Mientras en la radio suena “Oración del Remanso” de Jorge Fandermole:
“Soy de la orilla brava del agua turbia y la correntada
Que baja hermosa por su barrosa profundidad
Soy un paisano serio, soy gente del remanso Valerio
Que es donde el cielo remonta el vuelo en el Paraná
Tengo el color del río y su misma voz en mi canto sigo
El agua mansa y su suave danza en el corazón
Pero a veces oscura va turbulenta en la ciega hondura
Y se hace brillo en este cuchillo de pescador…”

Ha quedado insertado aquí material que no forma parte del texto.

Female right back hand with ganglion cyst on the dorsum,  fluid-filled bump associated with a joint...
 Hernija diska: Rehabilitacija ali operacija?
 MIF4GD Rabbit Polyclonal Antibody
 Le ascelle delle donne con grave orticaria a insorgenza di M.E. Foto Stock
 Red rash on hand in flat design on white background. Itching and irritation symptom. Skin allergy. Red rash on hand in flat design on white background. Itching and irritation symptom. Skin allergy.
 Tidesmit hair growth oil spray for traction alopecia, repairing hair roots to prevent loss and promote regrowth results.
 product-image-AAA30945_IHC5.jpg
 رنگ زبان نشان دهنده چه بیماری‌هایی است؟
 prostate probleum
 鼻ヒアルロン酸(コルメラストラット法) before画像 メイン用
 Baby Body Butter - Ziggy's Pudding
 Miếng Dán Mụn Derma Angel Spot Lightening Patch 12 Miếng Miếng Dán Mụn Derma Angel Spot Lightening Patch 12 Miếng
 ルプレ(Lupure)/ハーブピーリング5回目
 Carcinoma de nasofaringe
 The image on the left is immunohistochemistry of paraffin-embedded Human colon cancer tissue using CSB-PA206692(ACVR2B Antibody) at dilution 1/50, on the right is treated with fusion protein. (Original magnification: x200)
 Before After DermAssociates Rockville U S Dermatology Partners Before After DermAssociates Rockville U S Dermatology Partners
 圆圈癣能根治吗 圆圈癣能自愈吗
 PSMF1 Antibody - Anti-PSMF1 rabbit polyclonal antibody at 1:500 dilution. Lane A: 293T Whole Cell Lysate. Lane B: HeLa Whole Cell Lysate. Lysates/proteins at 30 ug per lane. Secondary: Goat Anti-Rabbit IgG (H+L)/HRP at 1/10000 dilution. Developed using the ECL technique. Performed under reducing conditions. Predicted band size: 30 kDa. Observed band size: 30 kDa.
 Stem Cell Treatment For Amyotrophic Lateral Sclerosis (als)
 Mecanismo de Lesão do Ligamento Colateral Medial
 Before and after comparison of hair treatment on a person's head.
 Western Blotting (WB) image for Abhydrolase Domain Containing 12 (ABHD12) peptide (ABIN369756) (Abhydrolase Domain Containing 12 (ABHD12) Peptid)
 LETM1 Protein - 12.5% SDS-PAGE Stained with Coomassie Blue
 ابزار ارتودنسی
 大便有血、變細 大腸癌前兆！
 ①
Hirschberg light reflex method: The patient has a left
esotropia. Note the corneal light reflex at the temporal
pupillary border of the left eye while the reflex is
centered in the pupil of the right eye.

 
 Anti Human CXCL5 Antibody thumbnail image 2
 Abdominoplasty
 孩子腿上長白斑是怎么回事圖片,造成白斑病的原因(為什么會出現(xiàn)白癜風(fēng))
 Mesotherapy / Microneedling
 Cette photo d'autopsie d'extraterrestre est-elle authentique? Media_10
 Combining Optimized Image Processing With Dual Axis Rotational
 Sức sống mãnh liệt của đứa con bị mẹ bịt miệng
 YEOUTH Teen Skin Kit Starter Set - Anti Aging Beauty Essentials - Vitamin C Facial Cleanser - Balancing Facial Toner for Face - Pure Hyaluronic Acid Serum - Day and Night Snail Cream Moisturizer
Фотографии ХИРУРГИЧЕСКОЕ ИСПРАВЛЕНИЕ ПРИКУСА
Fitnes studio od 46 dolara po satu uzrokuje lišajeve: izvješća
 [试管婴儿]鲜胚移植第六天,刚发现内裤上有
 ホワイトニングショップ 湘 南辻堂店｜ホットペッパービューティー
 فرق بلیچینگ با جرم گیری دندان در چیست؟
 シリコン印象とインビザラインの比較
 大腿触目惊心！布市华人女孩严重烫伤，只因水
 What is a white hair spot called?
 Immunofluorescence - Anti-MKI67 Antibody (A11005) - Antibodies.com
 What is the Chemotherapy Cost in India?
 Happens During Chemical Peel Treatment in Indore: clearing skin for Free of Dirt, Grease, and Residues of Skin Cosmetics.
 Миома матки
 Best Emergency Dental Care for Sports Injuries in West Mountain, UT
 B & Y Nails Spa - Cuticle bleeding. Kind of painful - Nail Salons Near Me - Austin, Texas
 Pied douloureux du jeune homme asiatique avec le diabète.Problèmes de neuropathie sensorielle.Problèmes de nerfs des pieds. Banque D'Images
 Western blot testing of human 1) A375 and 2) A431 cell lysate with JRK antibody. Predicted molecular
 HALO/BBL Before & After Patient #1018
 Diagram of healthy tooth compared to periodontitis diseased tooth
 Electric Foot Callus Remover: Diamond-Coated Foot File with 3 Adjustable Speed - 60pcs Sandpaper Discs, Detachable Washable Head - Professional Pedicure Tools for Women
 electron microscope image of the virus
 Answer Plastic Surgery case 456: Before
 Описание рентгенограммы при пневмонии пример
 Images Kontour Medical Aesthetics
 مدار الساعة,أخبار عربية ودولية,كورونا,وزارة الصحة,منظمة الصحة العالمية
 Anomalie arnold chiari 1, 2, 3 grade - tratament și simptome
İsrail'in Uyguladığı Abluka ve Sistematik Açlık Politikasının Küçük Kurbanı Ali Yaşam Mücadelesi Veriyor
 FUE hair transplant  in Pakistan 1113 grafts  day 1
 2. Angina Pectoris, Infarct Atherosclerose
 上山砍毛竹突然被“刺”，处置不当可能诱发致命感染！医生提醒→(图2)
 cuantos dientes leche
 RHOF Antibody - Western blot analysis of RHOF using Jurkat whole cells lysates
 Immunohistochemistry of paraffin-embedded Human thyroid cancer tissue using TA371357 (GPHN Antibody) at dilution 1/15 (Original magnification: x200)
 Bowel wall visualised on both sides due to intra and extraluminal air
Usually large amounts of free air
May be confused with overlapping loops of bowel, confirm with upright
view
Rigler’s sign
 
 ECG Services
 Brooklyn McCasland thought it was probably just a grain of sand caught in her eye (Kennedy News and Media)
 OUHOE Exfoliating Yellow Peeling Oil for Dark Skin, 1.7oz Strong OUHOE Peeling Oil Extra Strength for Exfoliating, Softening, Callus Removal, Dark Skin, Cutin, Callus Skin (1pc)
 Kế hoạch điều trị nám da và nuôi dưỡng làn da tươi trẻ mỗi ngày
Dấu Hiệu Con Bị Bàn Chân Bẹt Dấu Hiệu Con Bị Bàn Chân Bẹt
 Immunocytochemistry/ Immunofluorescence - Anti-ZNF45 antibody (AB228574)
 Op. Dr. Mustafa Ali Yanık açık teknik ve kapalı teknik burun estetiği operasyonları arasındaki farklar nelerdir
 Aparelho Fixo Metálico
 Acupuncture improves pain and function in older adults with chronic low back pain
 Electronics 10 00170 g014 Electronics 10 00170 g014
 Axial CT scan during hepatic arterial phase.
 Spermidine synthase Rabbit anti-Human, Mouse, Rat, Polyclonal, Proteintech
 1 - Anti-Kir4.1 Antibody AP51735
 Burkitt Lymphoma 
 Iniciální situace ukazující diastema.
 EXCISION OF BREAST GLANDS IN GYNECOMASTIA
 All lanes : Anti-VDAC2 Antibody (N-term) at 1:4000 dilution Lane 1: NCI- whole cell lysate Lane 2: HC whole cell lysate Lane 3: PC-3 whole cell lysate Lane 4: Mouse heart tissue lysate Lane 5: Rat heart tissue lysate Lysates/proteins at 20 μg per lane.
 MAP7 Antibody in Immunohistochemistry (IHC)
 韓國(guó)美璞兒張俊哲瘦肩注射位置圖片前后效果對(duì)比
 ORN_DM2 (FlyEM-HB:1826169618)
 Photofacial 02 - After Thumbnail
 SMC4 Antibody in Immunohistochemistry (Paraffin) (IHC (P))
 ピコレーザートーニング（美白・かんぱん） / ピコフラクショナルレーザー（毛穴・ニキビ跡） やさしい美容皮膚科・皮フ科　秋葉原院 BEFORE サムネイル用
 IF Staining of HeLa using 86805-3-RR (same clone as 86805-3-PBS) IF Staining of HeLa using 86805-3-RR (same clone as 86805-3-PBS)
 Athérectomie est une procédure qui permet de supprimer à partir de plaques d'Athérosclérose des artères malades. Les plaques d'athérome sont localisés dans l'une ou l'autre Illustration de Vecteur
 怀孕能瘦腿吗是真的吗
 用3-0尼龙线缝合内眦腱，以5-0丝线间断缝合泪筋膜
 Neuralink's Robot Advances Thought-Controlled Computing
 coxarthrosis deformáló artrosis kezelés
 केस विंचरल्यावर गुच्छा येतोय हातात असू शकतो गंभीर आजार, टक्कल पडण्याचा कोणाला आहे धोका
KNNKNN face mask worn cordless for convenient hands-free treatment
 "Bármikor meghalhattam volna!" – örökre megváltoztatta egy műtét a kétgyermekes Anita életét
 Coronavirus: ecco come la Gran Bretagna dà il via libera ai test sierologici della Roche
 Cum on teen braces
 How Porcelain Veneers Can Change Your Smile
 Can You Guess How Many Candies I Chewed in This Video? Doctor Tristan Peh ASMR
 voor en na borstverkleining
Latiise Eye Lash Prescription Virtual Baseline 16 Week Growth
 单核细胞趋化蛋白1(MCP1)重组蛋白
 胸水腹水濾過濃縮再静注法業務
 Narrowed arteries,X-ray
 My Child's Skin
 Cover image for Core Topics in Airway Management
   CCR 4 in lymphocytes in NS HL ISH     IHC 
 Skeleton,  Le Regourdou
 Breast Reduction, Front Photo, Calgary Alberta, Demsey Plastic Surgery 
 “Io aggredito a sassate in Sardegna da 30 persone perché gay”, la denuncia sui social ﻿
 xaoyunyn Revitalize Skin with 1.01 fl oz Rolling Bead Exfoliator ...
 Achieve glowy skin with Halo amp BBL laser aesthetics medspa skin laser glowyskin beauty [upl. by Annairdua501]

Acompañados de la canción, bordeamos la línea del Paraná. En rápida marcha cruzamos el arroyo Ludueña, aquel de las pinceladas de Leónidas Gambartes y los versos de Facundo Marull:
“Eres sin ansiedad desde la infancia del viento,
arroyito con nuestra soledad hecha pobreza y al dedo;
a puro andar suelto.
Colgado cauce en pasadizos xilógrafos
bajo un cielo estirado en plancha-el cielo más a mano-,
haraganón de tanta sucia acuarela,
con una muchacha descalza por un cantito de rezongo
y acordeón…”
Y la noche nos encuentra en la antes “Estación Sunchales”, hoy “Rosario Norte”. Situada en el barrio conocido por muchos con el nombre de “Pichincha”, de pasado tumultuoso y prostibulario. Lo rememora, al inicio de su novela Los Atributos, Roger Pla:
“Fue una noche de otoño. Me veo todavía ahora, cuando han transcurrido tantos años, como me vi al evocar ese recuerdo, vestido con mi primer traje de pantalón largo, símbolo de un brusco salto del niño a la adultez en el que quedaba prácticamente escamoteada la adolescencia, no como ahora, en que el vestido marca una transición gradual más acorde con la naturaleza. Me he convertido en adulto —al menos para los demás—, y debo comportarme como tal. Estoy descolgándome de un tranvía repleto de gente, uno de los tantos que los sábados por la noche confluían desde todos los puntos de la ciudad hasta esta esquina de Salta y Pichincha. Rápidos, sin detenerse, atronando las calles con sus timbrazos de tranvías completos, van haciendo volver a su paso el rostro de las mujeres, entre fascinadas y avergonzadas, porque todo el mundo conoce el destino de estos tranvías lanzados a sus nueve puntos, con racimos de gente colgados de los estribos. Todos quedan vacíos en esa esquina. Próxima a la estación Sunchales, a la que también llegan esos sábados por la noche desde Buenos Aires trenes repletos de gente con el mismo destino: episodio. Si mal no recuerdo, que dio su tema en un tiempo a uno de los sainetes de Vaccareza. Desde esa estación los viajeros pueden llegar a pie hasta el famoso barrio prostibulario agrupado alrededor de la calle Pichincha, cuyo nombre, destinado a recordar las glorias de la batalla de Sucre se ha convertido por una curiosa blasfemia de los hechos en una palabra obscena, imposible de pronunciar ante las mujeres y los mayores…”
IV
Tocó el fin de nuestro viaje, un viaje lírico por la ciudad de Rosario. En la travesía, quedaron afuera tantos… Bueno, pocos suelen preocuparse por esto, con un lector medio que no lee a los suyos, pasará desapercibido, seguramente.
Regresando al planteo inicial, aquel que habla de la ciudad como poema, o la relación existente entre ambos elementos; se podría arribar a la conclusión de ver a esta como un gran mundo, donde todavía existen artistas empecinados en escribirla/o. Siempre a la luz ardiente de lo que alguna vez dijo el divino León Tolstoi y ya constituye patrimonio de la humanidad: “Pinta tu aldea y pintarás el mundo”.